Midnight’s Wrath


Part 1 of 8 – 900 Words

This work of fiction contains strong elements of horror and violence. Reader discretion is advised.


The door to Crot’s Hole Tavern crashed open.  “Milton!  Get yourself over here!”  The shout sounded a long way off as though called across many miles.  Ambroys blinked and tried to clear fog from his head.  Yet his eyelids held only visions of the dead and his ears rang with bloodied screams.  He forced his eyes open and held them that way.

His midnight blue tabard was torn, drenched, and soiled.  His mouth was gluey with thirst and his knees wobbled making each step a ponderous, rickety affair.  How long had he wandered Umbra Morass before finding Reaper’s Fen?  How long had he laid in the dirt at the edge of the village before he had been found? 

“Well don’t just stand there gawking!  Make yourself useful, boy!  Come give me a hand with him!”  The voice belonged to an elderly halfling man from the village–Anton, wasn’t it?  In response, the barkeep came hustling over still dressed in his morning clothes.  He threw Ambroys’s left arm over his shoulder and together the pair led the beleaguered man to a tall-backed armchair by the hearth.  Despite the heat, Ambroys shivered so violently that the chainmail beneath his tabard rustled.  He gripped the chair’s arms until his knuckles went white trying to force order back into his limbs.

While Milton scurried off to find something fortifying, Anton pulled a blanket off the back of another chair and wrapped it around Ambroys’s sopping wet shoulders.  Anton’s face was gouged with the furrows of age all twisted in a mask of grave concern beneath a halo of bushy gray hair that ringed his bald head.  He rubbed Ambroys’s arms with the blanket trying to get some warmth back into the hulking soldier’s extremities.

Milton returned with a pitcher of water and a glass of whiskey.  He laid both on a small table that sat near the chair and took an uncertain step back, openly gaping at the disheveled, mountain of a man.  His guileless features flapped between shock and confusion.  Ambroys offered a thin smile and nod in thanks before lifting the pitcher and guzzling the cool water within. 

“Thank you kindly, Milton.  Maybe you’d be good enough to fetch Candle Ozzen.  Go on.  I’ll keep an eye on this one,” said Anton.  He gave Milton a reassuring wink and pulled a halfling-sized stool next to Ambroys.  The barkeep bobbed his head and retreated for the door.

Once he had disappeared into the dishwater gray light of the morning, Anton turned back to Ambroys and gesturing to the whiskey said, “Down the hatch, boy.  Ain’t nothing in this world that’ll chase off a night in the Morass like a good stiff slug of the Fen’s finest.”

Ambroys lifted the glass to his lips stopping just short.  His hand was still shaking.  He took a long slow breath and then quaffed the amber liquor.  It seared all the way down, but Anton was right.  He felt a little better for the burn.

“There’s a good, lad,” said Anton with a smile that spread all the way to his wrinkled eyes.  He patted Ambroys on the knee and then pushed himself up off the stool.  His joints creaked as he did, but no glimmer of pain showed on the elder’s face.  He strode behind the bar and helped himself to the whiskey jug and another glass.  Upon returning, Anton filled both their glasses and then settled himself back down on the stool placing the jug on the floor next to him.  The pair sipped their drinks in silence.

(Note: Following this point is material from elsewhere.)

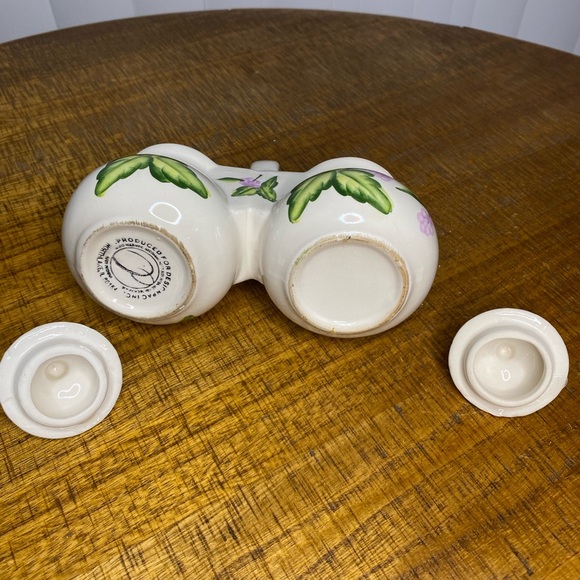 Vintage Sugar Jar  
Porcelain - Picture 2 of 3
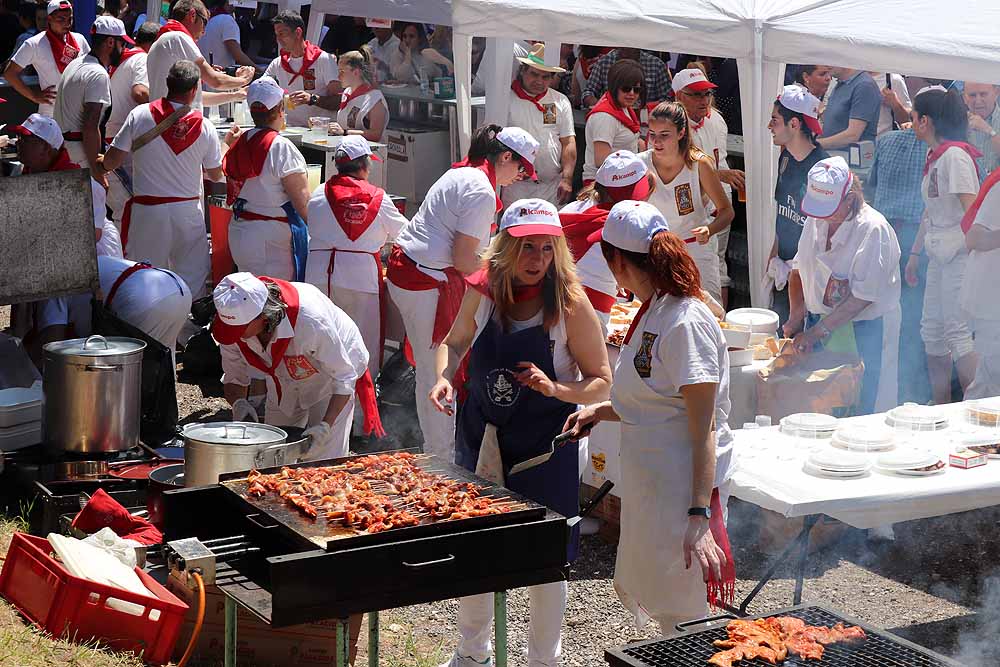 Burgos ha celebrado su tradicional Romería de la Virgen Blanca, con subida al Castillo y paellada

When at last Ambroys had stopped shaking and the color had begun to creep back into his face, Anton took a long pull from his glass.  He ran his tongue over his lips and said, “I turned one hundred and sixty-seven years old last month.  I’ve lived in Reaper’s Fen my whole life and, let me tell you, I’ve spent more nights in the Morass than I’ve had hot suppers.”

Ambroys shot him an incredulous look from the corner of his eye.  Anton smirked and continued, “It’s true.  I’m a trapper by trade you see.  Point is I’ve seen things in that swamp that would scare the stripes off a skunk.  They used to keep me up at night, them things I’ve seen.  That is until I learned that the secret to mastering fear is to name it.  Why naming a thing will wring the terror right out of it!”

The halfling leaned close to Ambroys.  Ghosts drifted through the hollowness behind Anton’s eyes and Ambroys lost any doubt that what the halfling had said was true. 

Anton reached out and laid his knobby knuckled hand on Ambroys’s knee.  “You want to try naming the things you saw?  You want to try wringing the fear out of ‘em?”  The halfling’s hazel eyes were wide and warm.

Ambroys nodded with slow solemnity and swallowed hard.  He took a sip of his whiskey and swished it around his mouth before letting it burn its way down his throat.  He’d never had a taste for the stuff before but this morning it might as well have been liquid gold.

When he finally spoke, his voice rasped like wind in the desert.  “My patrol was already dead when it came,” he said.  His eyes glistened in the orange firelight, dancing with ghost all their own.  “It swept in from the dark like the wrath of midnight.”